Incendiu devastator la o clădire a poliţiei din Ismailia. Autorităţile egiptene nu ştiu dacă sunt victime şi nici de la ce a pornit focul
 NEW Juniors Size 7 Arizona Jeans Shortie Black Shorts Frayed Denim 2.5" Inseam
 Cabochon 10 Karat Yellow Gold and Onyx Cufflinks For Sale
◇ ◇ ◇
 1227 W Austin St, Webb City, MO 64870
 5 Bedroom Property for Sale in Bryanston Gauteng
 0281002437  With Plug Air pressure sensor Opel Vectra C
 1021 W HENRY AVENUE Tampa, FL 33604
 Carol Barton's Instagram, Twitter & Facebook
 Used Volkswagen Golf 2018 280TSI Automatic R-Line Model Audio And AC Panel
◇ ◇ ◇
=== Task to carry out ===
Considering only the material above, set down every line from the one with "Incendiu devastator la" to the one with "Cabochon 10 Karat", inclusive, exactly as written.

=== Solution to this task ===
Incendiu devastator la o clădire a poliţiei din Ismailia. Autorităţile egiptene nu ştiu dacă sunt victime şi nici de la ce a pornit focul
 NEW Juniors Size 7 Arizona Jeans Shortie Black Shorts Frayed Denim 2.5" Inseam
 Cabochon 10 Karat Yellow Gold and Onyx Cufflinks For Sale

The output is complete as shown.